Como suceden en espacios de tiempo lo suficientemente separados, y en lugares tan diferentes, parece que nos olvidemos de una vez a la siguiente de la importancia de los fenómenos sísmicos en la vida de muchas personas. Las dos últimas navidades se han visto marcadas por dos desastres sísmicos sin precedentes para nuestra generación. En diciembre de 2003 se derrumba Bam, una preciosa ciudad fortificada en Irán, tras sufrir un terremoto de 6.7 grados en la escala de Richter. Más de 40000 personas perdieron la vida bajo los escombros de sus casas de barro. Este año la noticia por todos conocida es el maremoto del sureste asiático que todavía no nos ha dado un balance final de víctimas.

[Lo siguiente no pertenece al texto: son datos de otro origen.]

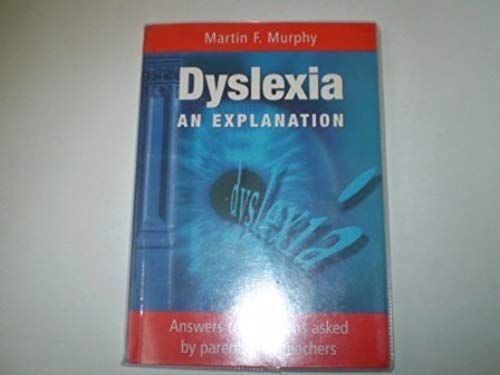 Dyslexia: An Explanation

Las zonas que sufren movimientos sísmicos con mayor frecuencia son aquellas próximas a los bordes de las placas tectónicas. Estas placas se solapan unas a otras para cubrir la superficie terrestre dejando bajo ellas el magma incandescente. Como norma general, se puede decir que las placas oceánicas solidifican magma en las zonas más profundas del océano, desplazando lateralmente las placas hasta que acaban por volver a deslizarse hacia el magma cuando fuerzan su entrada por debajo de las placas terrestres. Este forcejeo entre placas es el que produce de forma local un terremoto. Una teoría que llegara a la esencia del asunto necesitaría conocer cómo resisten el empuje y se deforman capas que ocupan medio océano, cómo rozan con otras capas y cuándo alcanzan el límite de tensión antes de desplomarse. Todavía estamos lejos de saber todo esto. Al mirar un mapa histórico de los distintos terremotos de una zona, nos parece que el fenómeno sea aleatorio. Lo mismo sucede con las erupciones volcánicas. A lo largo del tiempo aparece una aquí, otra allí… como si fuera al antojo del Creador. Se cree que hay más que azar detrás de estos fenómenos, pero todavía no ha cuajado una teoría que aunque no nos avise del momento exacto, al menos nos indique la probabilidad de que suceda en un intervalo de tiempo determinado.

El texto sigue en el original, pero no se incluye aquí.